The Oregon Liquor Control Commission announced last week that multi-state testing entity EVIO Labs had surrendered two of its lab permits in Oregon.
According to the OLCC, samples sent to labs are divided in half, with one half of the product tested and one retained in the event of the need to retest. Usually, there is no need to re-test, says the OLCC, so after about 40 days the retention samples are to be properly disposed of. That’s where EVIO got into hot water.
“The licensee disposed of the retention samples by giving them to employees to take home for personal use, in violation of OLCC rules,” read the state’s synopsis of what happened.
The charges from the state broke down into various violations dating from January to December of 2017. The first violation was around the transporting or disposing of marijuana after testing, extracts left over in samples, and the way those products left the premise.

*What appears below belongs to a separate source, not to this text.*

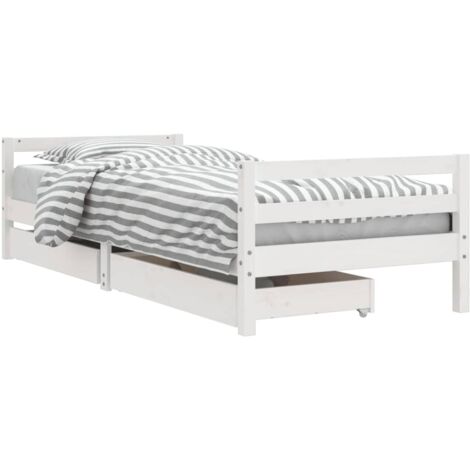 Lit Simple，Lit enfant，Cadre de lit enfant tiroirs blanc 80x200 cm bois de pin massif CFW7217575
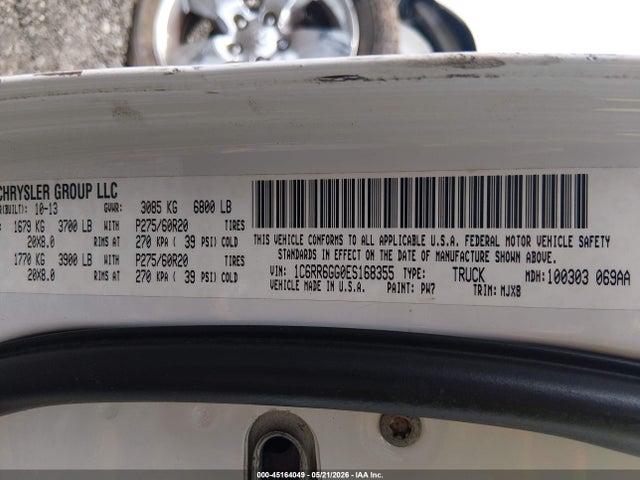 2014 Ram 1500 Big Horn მანქანა იყიდება აუქციონზე, vin: 1C6RR6GG0ES168355, აუქციონის ნომერი: 45164049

The next problem that arose for EVIO was the way things were tracked. The state says the laboratory intentionally failed to enter data into the METRC Cannabis Tracking System — which is supposed to fully and transparently account for all inventory on the premises — when they failed to disclose it was transferring retention samples to its employees to take home.

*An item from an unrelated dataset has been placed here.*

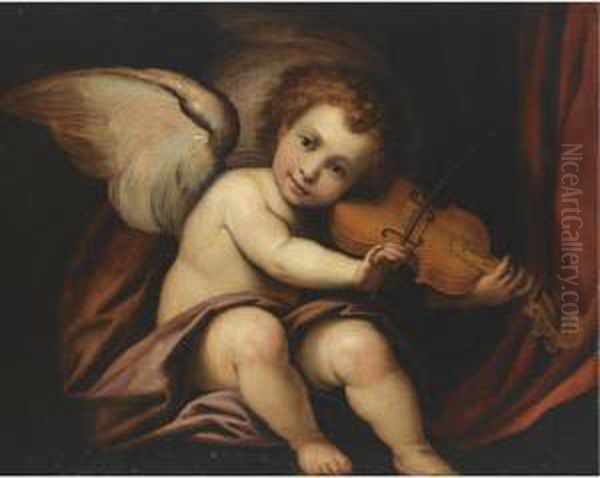 A Putto Playing The Violin Oil Painting by Giulio Cesare Procaccini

The state also says due to the samples leaving, inventory wasn’t properly reconciled on a daily basis at the close of business. They had been designating the samples as destroyed in the METRC system, which was obviously not the case.
In the terms of the agreement to surrender, the state noted the standard sanction for these kinds of violations was license cancellation, but they had already been surrendered pending full approval of the OLCC at its January meeting.
Chief Operating Officer Lori Glauser explained to Cannabis Now what happened in Oregon in a phone interview following the OLCC announcement of the surrender. Glauser was accused by the OLCC, along with EVIO’s Chief Scientific Officer Anthony Smith, of pressuring and encouraging employees to conceal the practice of taking home the samples.
“In 2017, we had some employees that were taking waste product from the lab and taking it home for personal use,” Glauser said. ”So that’s what happened. OLCC didn’t like that obviously. They proceeded to submit some violations.”
While all this was happening in EVIO’s laboratories in the Oregon cities of Eugene and Bend, Glauser says EVIO was already re-evaluating the numbers available to them in the Oregon marketplace in recent years.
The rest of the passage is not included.